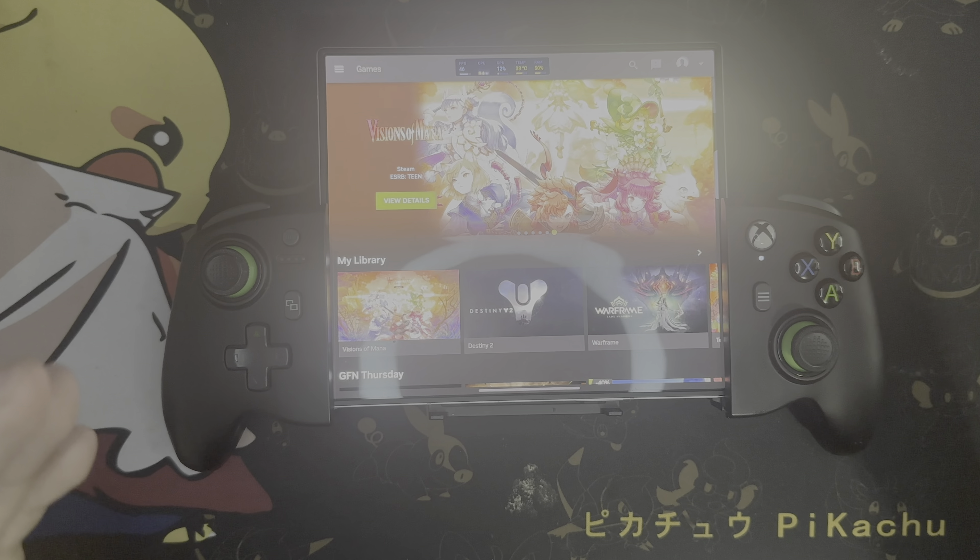Going back over to games — I've been playing the Visions of Mana demo while waiting for that game to come out, but we're going to jump into Destiny 2. I usually use Destiny 2 because it's a game I play all the time and I'm very familiar with it, and it's also a very heavy game that shows off how well GeForce Now Ultimate can perform on a demanding triple-A title. GeForce Now Ultimate gives you access to an NVIDIA RTX 4080 card.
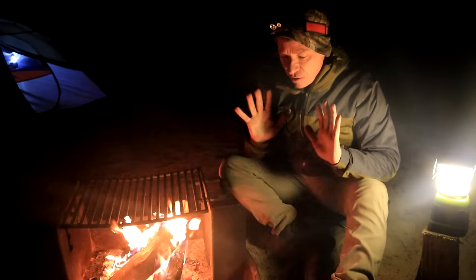The quickest breakfast I could come up with: coffee and oatmeal. That really warmed me up.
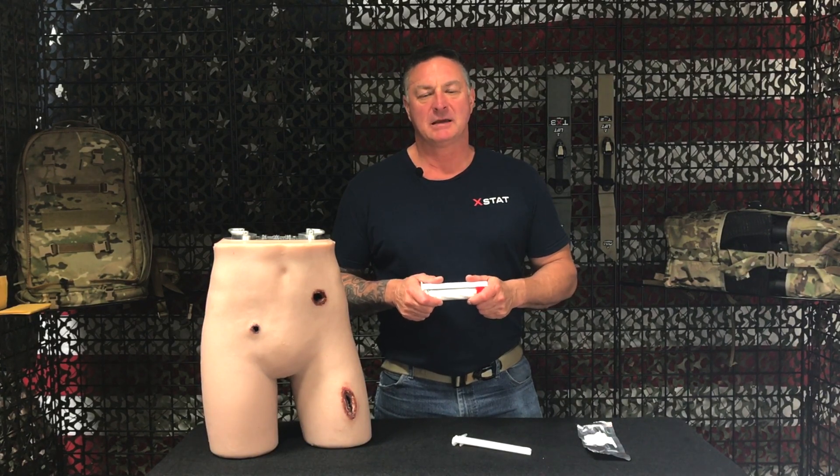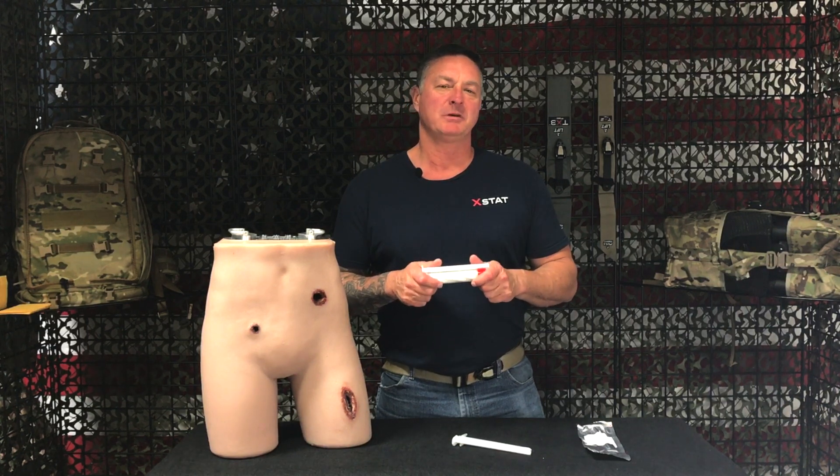Hi, this is John from RevMedics. Today we'll be discussing Extat, an injectable hemostatic agent for the treatment of penetrating wounds.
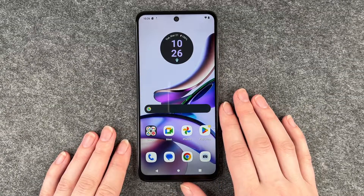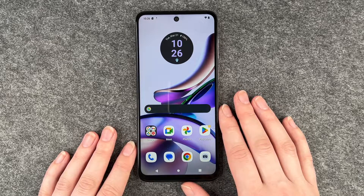Hello buddies, welcome back, it's Ansofie and today I'm going to show you how you can make a screenshot on your Motorola Moto G13.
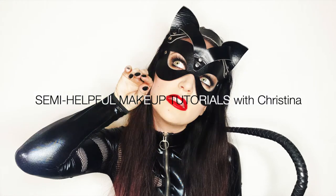Welcome to Semi-Helpful Makeup Tutorials with Christina. I'm Christina and today we are doing a Catwoman look.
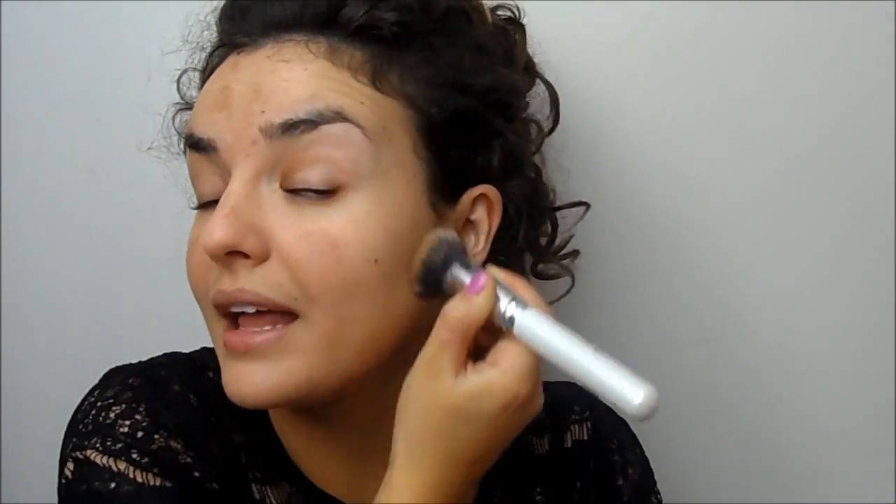Just really buff that into the skin. I like to apply a thin layer all over first and then go ahead and do targeted densifying of the coverage — buffing it into areas where I need more coverage. Once I'm happy with the appearance of my foundation, I like to just press it into the skin and make sure it's all nicely blended.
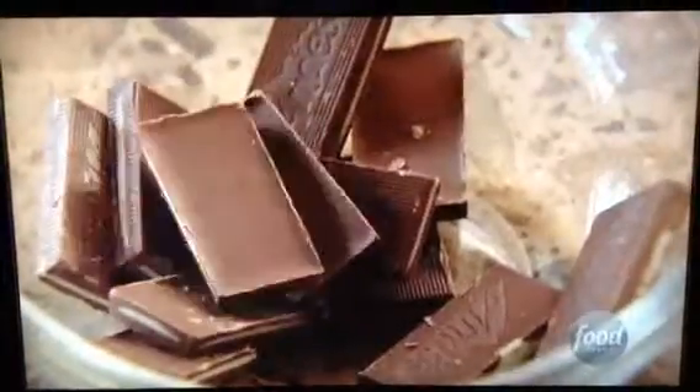It's Christmas Eve, probably the best day of the whole year. The kids finished up their Christmas tree decorating contest, so I'm going to finish off my chocolate mint brownie bites.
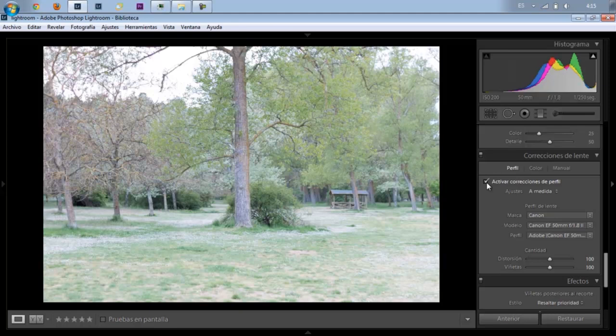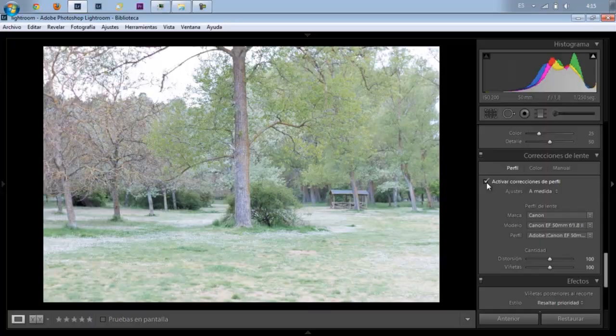Esto ha sido en este video. Espero que esta comparación nos haya gustado. Espero vuestras preguntas debajo del video, y si tenéis alguna cosa que más hayáis notado, estaría muy agradecido si podéis dejar un comentario y compartirlo con el resto de la gente. Esto ha sido para hoy, chicos, y nos vemos en el siguiente video. Hasta la próxima.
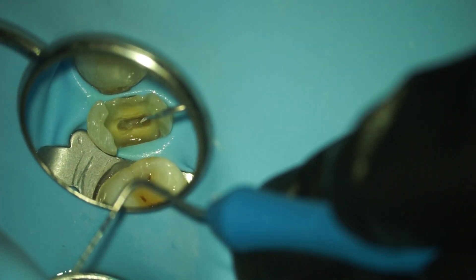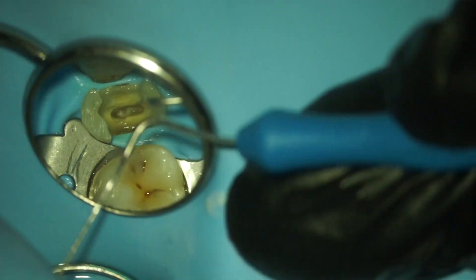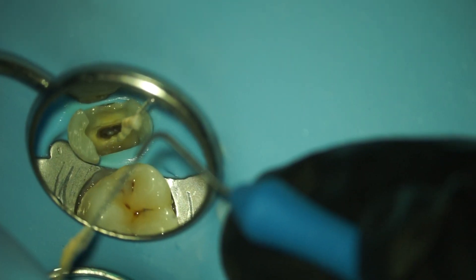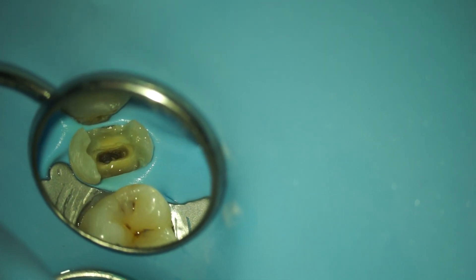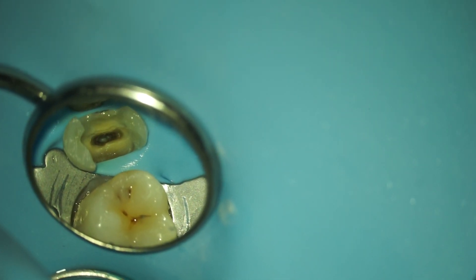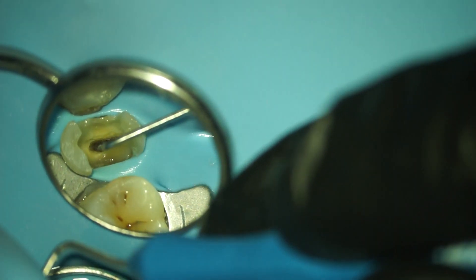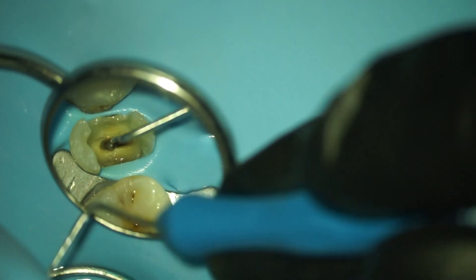This is when the cusps are removed. Here I'm removing a little bit more debris with the micro opener. I really like micro openers — they're really easy to use and come in very handy, as you'll see later on.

--

§ **Required work**
The material above holds pictures; leave them out. Repeat exactly the lines from the one containing "Hi, this is" through the one containing "Hello buddies, welcome", and nothing else.

§ **Answer for the task**
Hi, this is John from RevMedics. Today we'll be discussing Extat, an injectable hemostatic agent for the treatment of penetrating wounds.
Hello buddies, welcome back, it's Ansofie and today I'm going to show you how you can make a screenshot on your Motorola Moto G13.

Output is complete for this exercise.